**Exercise:**
For this exercise, write out only the lines of the entries below from the one with "Upload a CSV" up to and including the one with "This is a zoomed", exactly as they are. Pictures stay out.

---------- Data to use ----------

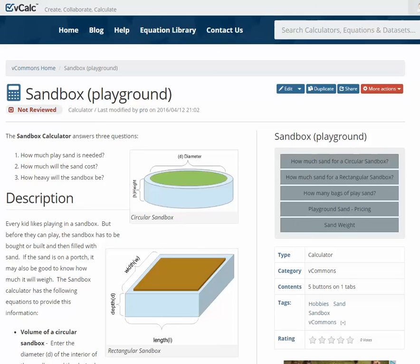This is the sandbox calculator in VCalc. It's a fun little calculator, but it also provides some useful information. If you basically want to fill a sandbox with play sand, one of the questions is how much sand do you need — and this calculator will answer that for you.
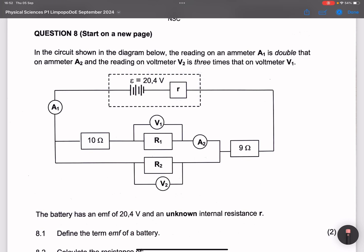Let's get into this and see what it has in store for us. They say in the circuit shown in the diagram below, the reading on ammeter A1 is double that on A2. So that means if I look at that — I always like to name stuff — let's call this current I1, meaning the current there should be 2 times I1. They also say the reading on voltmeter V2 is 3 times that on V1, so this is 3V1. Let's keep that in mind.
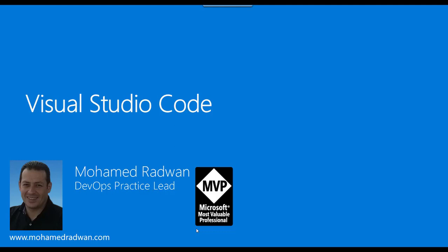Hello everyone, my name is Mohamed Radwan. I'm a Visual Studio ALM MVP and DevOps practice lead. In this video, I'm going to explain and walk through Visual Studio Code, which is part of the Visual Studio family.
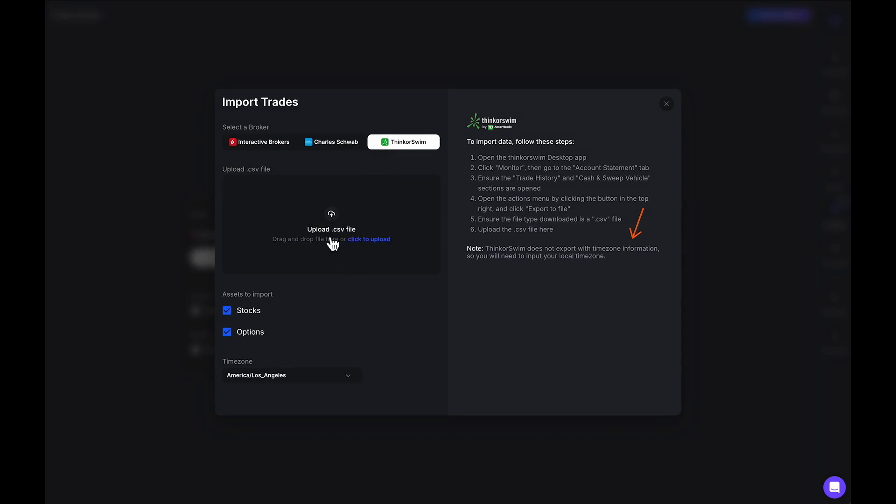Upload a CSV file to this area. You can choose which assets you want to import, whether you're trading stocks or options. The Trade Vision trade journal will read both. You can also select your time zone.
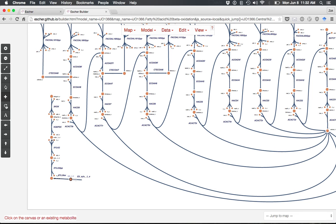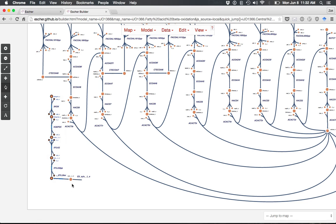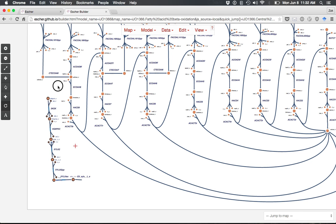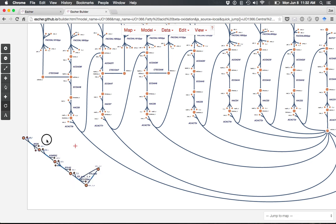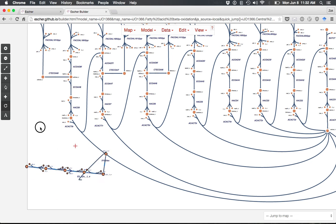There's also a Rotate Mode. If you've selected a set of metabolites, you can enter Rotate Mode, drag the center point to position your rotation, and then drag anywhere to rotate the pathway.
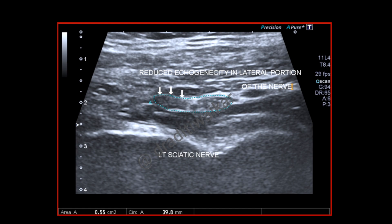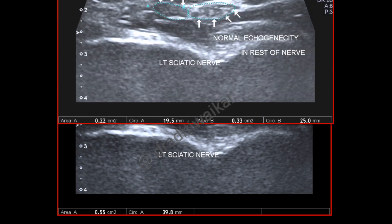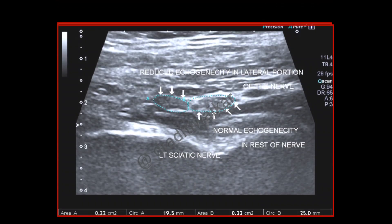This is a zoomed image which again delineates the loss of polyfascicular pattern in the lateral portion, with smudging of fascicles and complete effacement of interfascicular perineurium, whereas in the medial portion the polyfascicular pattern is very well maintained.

----------
---------- Data to use ----------

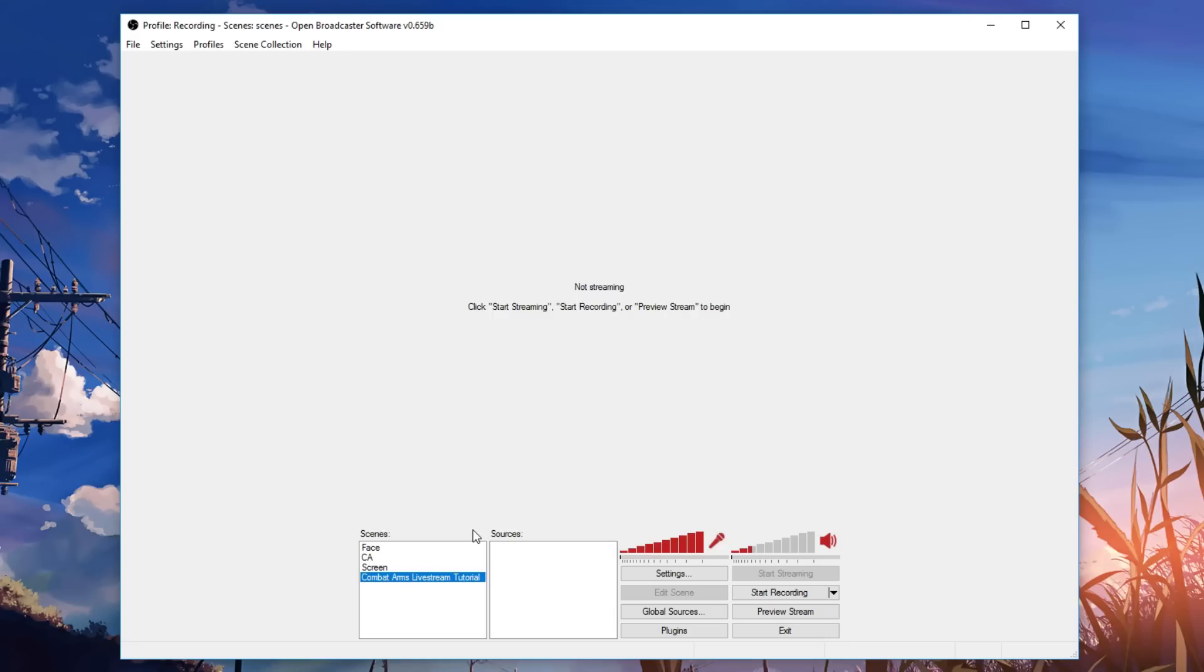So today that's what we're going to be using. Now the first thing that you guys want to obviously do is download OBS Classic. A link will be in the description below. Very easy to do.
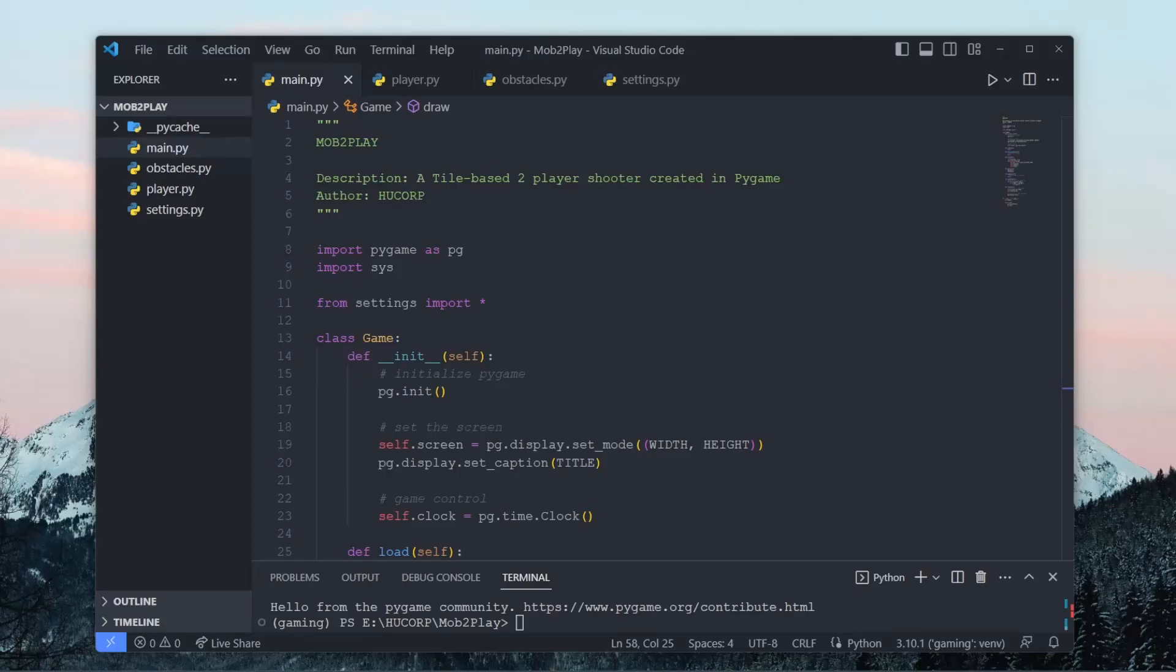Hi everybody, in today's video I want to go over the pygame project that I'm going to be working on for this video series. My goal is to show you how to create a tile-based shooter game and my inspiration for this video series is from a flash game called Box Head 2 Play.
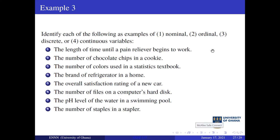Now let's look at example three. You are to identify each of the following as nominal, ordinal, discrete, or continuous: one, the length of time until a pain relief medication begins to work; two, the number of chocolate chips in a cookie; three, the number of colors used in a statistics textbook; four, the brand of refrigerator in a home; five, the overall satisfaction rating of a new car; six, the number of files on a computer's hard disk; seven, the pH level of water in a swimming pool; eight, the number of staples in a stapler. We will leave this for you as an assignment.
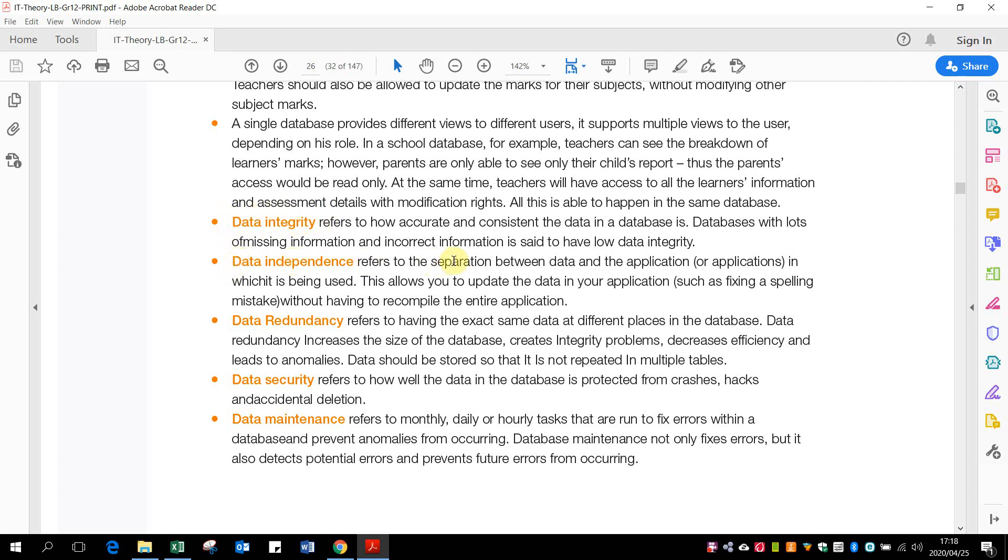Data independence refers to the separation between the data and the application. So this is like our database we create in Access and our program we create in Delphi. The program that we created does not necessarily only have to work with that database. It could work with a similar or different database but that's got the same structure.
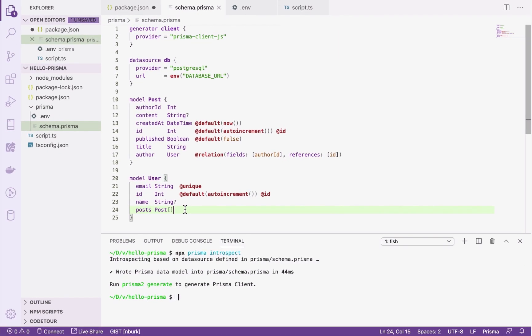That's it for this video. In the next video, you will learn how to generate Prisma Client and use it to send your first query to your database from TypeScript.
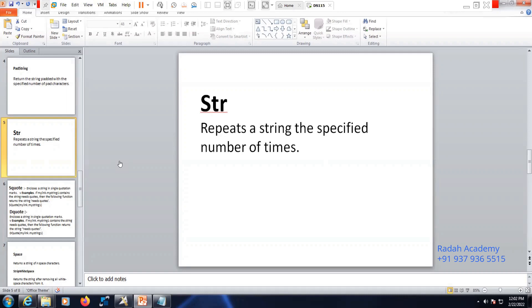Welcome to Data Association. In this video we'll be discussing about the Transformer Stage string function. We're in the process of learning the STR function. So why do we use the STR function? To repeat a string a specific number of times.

----------

**Task response:**
Upload a CSV file to this area. You can choose which assets you want to import, whether you're trading stocks or options. The Trade Vision trade journal will read both. You can also select your time zone.
There's also a Rotate Mode. If you've selected a set of metabolites, you can enter Rotate Mode, drag the center point to position your rotation, and then drag anywhere to rotate the pathway.
This is a zoomed image which again delineates the loss of polyfascicular pattern in the lateral portion, with smudging of fascicles and complete effacement of interfascicular perineurium, whereas in the medial portion the polyfascicular pattern is very well maintained.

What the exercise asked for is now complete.